The two largest stock-photo companies in the world tried to become one. A regulator in London decided they could not, and both stocks are paying for it.
The deal is dead over one condition
Getty Images told investors it will terminate its planned merger with Shutterstock after July 6. The board decided it would not meet the one condition the UK Competition and Markets Authority set for approval.
That condition was a forced sale of Shutterstock's editorial business, the unit that owns Rex Features, Splash News, and Backgrid. The regulator said combining Getty and Shutterstock would leave UK media outlets with too few places to license news and celebrity images, and could push prices higher over time.
Getty looked at selling that unit and walked instead. The $3.7 billion combination announced in early 2025 is now off.
Shutterstock took the bigger hit
Shutterstock stock is down roughly 29% and trades near $10, a fresh 52-week low. Getty is off about 6% and now trades below $1 a share.
The split reaction makes sense once you look at the two balance sheets. Shutterstock is the healthier company. It earned about $45 million last year on revenue near $990 million, carries modest debt, and generates real free cash flow. It trades around 8 times trailing earnings and less than half its annual sales.
For Shutterstock holders, the merger was the exit. It offered a premium and a path into a larger, better-capitalized business. That escape hatch just closed, and the market repriced the stock as a small, slow-growing licensing company that has to compete alone.
Getty has a $628 million problem
Getty's stock fell less, but its situation is heavier.
Terminating the deal triggers a special mandatory redemption of $628 million in senior secured notes that carry a 10.5% coupon. Getty raised that expensive debt to help fund the combination. With no deal, it has to pay those bonds back and rethink how it finances the company.
The strain already shows in the numbers. Getty produced about $981 million in revenue last year but lost roughly $206 million, dragged down by $156 million in annual interest expense. That is a company where the cost of debt is eating a huge share of what the business earns. Losing the merger does not fix that. It moves the bill forward.
Getty also owes Shutterstock a breakup fee reported at as much as $40 million, one more cash cost at a moment when cash matters.
The reason they wanted to merge has not gone away
Strip out the regulatory fight and the logic behind this deal was simple. Both companies sell licensed images and video to businesses. Both face the same threat: text-to-image tools that can generate a usable picture in seconds for close to nothing.
Scale was the defense. A combined Getty-Shutterstock would have cut overlapping costs, pooled two of the largest image libraries on earth, and had more room to invest in its own AI tools and in licensing deals that pay contributors when their work trains a model. Together they had a case. Apart, each is a sub-$1 billion company trying to out-invest much larger AI labs.
The demand that killed the deal, protecting competition in editorial licensing, points at the one corner of the market where these two still have pricing power. News and celebrity imagery is hard for a generative model to fake, because it has to be real and verifiable.

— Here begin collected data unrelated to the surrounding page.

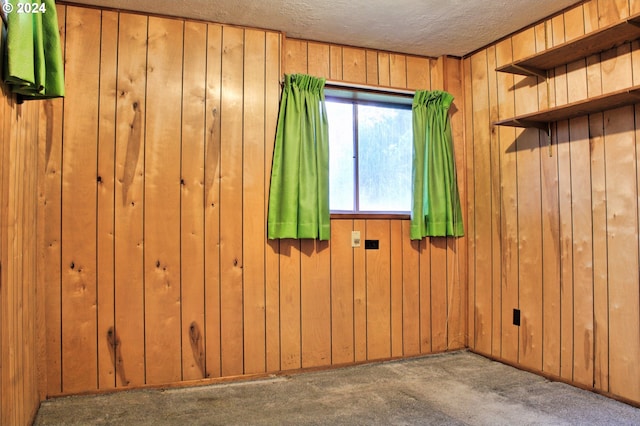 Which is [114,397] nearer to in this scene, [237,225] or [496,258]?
[237,225]

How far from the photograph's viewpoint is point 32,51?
158 cm

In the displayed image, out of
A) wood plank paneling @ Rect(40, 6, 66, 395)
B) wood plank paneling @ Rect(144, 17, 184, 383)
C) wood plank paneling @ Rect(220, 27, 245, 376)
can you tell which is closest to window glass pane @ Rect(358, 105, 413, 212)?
wood plank paneling @ Rect(220, 27, 245, 376)

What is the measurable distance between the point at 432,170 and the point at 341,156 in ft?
2.23

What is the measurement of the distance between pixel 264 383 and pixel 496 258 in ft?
5.98

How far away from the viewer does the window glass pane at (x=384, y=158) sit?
3266 millimetres

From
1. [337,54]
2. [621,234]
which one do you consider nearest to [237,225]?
[337,54]

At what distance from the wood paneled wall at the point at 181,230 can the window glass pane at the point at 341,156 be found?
19 centimetres

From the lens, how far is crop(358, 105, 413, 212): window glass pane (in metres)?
3.27

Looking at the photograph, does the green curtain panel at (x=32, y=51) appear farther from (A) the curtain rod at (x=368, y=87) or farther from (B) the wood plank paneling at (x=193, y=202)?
(A) the curtain rod at (x=368, y=87)

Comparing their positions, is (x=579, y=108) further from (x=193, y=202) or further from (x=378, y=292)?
(x=193, y=202)

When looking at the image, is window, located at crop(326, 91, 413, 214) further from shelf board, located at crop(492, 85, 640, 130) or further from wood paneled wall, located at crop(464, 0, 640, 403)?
shelf board, located at crop(492, 85, 640, 130)

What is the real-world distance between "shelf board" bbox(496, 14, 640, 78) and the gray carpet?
1.92 meters

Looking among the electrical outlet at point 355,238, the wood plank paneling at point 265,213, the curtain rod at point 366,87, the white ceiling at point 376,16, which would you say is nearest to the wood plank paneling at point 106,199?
the white ceiling at point 376,16

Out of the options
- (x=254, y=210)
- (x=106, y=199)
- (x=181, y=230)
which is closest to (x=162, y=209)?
(x=181, y=230) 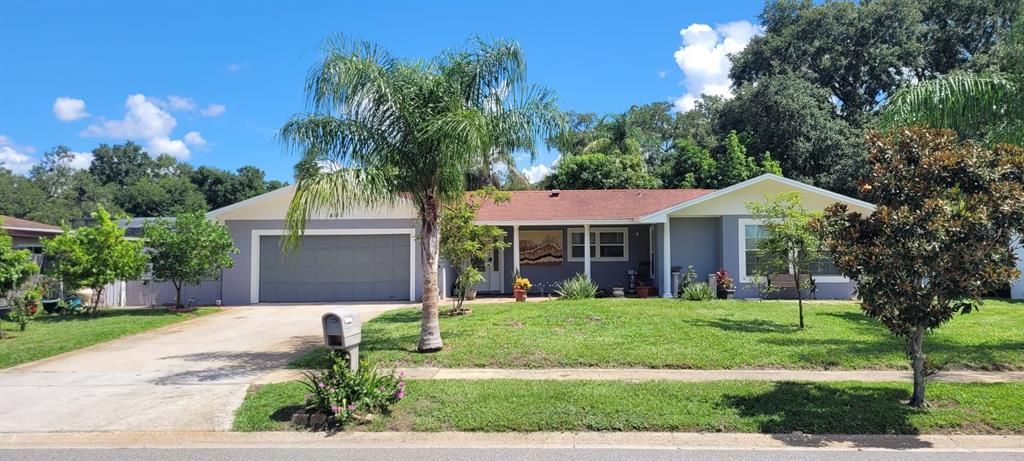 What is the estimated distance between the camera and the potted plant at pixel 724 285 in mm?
17562

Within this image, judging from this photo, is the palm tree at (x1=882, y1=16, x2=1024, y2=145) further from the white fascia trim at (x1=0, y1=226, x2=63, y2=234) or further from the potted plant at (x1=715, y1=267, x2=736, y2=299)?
the white fascia trim at (x1=0, y1=226, x2=63, y2=234)

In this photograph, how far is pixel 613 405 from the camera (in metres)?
7.10

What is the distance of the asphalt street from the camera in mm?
5766

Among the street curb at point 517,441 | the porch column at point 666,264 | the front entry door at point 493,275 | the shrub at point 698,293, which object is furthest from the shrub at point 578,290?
the street curb at point 517,441

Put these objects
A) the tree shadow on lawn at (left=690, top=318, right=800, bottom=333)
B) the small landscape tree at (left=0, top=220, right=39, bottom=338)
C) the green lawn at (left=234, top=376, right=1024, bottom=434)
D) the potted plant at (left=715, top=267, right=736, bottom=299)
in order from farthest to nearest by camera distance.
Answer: the potted plant at (left=715, top=267, right=736, bottom=299) → the small landscape tree at (left=0, top=220, right=39, bottom=338) → the tree shadow on lawn at (left=690, top=318, right=800, bottom=333) → the green lawn at (left=234, top=376, right=1024, bottom=434)

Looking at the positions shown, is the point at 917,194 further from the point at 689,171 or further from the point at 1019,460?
the point at 689,171

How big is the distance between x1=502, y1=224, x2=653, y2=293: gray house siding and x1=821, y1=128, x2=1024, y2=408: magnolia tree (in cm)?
1379

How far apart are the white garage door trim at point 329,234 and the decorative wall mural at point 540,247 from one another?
11.9ft

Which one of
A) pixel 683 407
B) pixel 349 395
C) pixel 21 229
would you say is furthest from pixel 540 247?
pixel 21 229

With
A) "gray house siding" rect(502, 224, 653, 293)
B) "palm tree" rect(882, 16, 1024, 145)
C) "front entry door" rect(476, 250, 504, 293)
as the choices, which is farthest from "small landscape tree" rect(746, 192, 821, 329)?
"front entry door" rect(476, 250, 504, 293)

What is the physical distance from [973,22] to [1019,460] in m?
36.3

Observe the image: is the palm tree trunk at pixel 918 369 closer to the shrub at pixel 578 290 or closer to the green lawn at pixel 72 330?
the shrub at pixel 578 290

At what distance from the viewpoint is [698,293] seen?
17062 millimetres

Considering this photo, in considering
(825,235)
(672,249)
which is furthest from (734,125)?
(825,235)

That is the part regulators wanted kept competitive, and it may be the part of each business that holds up best.
What to watch from here
Shutterstock said it will lay out updated strategic plans with its second-quarter earnings. That is the next real catalyst. Investors will want to see whether management leans into the profitable, defensible editorial and data-licensing pieces or tries to chase growth it may not be able to fund.
Getty's tell is the balance sheet. Redeeming $628 million in 10.5% notes is a large move for a company its size, and how it refinances will say more about the stock than any single quarter of revenue. Watch for news on new financing terms and on whether Getty explores other buyers or partners now that the Shutterstock path is closed.
Two companies that decided they were stronger together now have to prove they can survive apart, in a market that is getting harder every quarter.